* Work request *
List, from the lines below, each one with "Decorative" in it.

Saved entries

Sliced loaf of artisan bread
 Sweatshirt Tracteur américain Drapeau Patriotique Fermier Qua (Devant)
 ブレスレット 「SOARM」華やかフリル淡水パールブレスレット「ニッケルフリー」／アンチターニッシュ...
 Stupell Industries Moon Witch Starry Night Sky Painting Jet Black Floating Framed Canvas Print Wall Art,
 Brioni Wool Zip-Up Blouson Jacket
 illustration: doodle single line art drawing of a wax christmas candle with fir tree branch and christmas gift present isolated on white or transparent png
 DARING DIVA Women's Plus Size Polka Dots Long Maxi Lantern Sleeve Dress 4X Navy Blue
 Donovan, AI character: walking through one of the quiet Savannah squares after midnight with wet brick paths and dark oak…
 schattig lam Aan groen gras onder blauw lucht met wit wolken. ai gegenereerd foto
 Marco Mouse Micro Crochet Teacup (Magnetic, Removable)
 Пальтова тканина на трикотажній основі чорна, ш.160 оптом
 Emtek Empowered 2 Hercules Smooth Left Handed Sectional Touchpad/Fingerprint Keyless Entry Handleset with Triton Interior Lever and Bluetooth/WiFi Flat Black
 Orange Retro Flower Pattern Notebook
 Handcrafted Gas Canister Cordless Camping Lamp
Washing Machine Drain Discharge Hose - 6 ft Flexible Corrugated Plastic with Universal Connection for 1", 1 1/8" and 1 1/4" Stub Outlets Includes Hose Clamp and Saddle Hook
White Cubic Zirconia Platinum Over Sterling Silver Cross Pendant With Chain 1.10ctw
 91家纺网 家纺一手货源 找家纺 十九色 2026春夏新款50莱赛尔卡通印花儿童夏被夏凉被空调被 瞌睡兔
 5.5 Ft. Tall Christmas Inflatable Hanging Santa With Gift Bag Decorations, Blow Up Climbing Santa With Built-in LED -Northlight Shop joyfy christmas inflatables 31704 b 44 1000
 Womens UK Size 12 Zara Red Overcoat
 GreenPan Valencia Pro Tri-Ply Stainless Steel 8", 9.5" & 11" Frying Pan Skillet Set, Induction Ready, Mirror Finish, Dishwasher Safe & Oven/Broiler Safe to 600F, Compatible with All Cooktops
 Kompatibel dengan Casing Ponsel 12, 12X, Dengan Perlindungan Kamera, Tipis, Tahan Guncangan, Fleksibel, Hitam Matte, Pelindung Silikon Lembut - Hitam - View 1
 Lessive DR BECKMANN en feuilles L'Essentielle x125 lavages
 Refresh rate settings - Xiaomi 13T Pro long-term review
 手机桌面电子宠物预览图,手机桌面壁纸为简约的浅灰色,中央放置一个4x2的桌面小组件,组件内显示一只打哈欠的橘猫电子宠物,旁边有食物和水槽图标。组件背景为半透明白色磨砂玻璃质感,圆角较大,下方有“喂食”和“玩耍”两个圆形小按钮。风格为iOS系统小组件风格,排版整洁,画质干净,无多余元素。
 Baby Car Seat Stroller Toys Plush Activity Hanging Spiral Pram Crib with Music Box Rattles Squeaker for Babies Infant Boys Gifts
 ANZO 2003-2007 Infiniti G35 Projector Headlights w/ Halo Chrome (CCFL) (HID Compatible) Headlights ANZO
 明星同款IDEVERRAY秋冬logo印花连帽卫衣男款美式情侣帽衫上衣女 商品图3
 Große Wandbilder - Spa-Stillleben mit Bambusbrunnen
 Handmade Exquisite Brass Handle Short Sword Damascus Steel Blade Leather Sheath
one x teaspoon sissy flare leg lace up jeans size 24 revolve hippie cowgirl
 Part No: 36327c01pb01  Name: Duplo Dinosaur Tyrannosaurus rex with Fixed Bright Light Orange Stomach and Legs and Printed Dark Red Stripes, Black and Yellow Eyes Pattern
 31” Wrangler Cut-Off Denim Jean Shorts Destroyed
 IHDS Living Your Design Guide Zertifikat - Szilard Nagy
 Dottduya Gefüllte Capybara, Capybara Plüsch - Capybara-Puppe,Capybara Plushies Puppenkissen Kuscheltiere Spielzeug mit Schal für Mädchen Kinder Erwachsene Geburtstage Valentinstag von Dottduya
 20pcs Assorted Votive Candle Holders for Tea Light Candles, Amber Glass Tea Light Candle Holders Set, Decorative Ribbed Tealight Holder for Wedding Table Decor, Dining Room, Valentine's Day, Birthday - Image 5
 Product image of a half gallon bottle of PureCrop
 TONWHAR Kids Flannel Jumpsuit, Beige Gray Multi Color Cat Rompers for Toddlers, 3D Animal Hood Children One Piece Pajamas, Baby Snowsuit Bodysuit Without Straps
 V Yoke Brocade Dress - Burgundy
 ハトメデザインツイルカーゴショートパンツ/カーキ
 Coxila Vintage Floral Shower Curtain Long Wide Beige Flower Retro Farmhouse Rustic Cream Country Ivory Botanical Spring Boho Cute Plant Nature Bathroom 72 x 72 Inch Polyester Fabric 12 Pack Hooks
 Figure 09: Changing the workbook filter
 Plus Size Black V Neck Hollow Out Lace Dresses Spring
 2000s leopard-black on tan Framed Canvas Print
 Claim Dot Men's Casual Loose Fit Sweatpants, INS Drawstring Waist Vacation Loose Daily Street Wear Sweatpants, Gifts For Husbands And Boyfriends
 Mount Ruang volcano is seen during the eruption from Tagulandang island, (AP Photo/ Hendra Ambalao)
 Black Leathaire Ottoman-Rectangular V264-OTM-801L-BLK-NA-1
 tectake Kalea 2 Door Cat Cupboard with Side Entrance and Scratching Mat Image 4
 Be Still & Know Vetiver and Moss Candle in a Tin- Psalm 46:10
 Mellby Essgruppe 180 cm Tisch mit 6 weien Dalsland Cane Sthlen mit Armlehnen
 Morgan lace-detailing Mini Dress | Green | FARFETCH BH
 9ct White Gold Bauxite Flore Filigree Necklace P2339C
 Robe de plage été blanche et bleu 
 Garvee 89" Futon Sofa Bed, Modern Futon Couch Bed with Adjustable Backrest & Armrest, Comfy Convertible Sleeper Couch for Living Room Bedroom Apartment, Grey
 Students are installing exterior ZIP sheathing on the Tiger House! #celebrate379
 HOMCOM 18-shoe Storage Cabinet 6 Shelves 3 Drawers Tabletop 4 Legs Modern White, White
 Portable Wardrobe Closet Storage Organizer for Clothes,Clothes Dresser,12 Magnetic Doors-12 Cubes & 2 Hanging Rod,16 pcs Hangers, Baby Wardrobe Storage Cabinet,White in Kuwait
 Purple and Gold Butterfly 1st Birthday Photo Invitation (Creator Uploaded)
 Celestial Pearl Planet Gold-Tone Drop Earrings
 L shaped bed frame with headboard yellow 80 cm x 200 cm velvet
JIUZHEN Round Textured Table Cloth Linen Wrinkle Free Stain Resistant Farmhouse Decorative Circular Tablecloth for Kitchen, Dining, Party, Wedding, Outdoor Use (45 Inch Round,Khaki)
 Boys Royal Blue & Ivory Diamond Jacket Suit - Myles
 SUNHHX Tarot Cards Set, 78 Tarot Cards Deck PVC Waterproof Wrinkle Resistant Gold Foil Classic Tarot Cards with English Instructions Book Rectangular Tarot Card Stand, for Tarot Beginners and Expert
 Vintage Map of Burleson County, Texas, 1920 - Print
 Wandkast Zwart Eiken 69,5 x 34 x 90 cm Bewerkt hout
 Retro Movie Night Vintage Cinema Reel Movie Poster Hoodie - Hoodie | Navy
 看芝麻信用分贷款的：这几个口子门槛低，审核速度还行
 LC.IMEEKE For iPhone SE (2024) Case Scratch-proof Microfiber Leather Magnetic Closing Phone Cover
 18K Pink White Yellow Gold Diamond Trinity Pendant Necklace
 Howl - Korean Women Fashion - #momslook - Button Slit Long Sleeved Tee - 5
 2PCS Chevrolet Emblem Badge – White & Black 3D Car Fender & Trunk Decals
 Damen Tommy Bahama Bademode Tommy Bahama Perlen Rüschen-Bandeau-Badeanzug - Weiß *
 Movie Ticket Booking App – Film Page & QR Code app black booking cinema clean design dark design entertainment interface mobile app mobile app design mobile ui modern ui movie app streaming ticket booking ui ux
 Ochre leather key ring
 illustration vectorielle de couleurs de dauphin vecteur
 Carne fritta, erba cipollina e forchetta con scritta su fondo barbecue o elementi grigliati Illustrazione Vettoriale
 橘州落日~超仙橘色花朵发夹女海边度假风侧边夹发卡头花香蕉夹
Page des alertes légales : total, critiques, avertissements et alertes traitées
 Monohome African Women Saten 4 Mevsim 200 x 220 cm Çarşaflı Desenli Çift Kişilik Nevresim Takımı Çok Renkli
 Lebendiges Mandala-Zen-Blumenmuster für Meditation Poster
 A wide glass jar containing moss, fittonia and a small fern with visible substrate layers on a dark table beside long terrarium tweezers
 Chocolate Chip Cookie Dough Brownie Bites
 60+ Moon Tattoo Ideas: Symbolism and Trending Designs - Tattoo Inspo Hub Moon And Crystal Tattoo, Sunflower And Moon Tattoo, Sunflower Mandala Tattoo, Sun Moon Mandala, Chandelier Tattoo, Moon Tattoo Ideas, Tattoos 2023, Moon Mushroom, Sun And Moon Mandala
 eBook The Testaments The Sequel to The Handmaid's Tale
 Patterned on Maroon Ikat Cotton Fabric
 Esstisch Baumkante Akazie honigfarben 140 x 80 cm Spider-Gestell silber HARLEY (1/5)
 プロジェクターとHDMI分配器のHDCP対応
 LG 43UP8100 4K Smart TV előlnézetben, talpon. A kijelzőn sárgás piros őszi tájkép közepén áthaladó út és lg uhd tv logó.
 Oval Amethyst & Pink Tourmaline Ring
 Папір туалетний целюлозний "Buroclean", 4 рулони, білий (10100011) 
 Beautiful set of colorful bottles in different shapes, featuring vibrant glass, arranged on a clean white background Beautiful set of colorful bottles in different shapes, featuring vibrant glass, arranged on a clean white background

* Answer space *
 20pcs Assorted Votive Candle Holders for Tea Light Candles, Amber Glass Tea Light Candle Holders Set, Decorative Ribbed Tealight Holder for Wedding Table Decor, Dining Room, Valentine's Day, Birthday - Image 5
JIUZHEN Round Textured Table Cloth Linen Wrinkle Free Stain Resistant Farmhouse Decorative Circular Tablecloth for Kitchen, Dining, Party, Wedding, Outdoor Use (45 Inch Round,Khaki)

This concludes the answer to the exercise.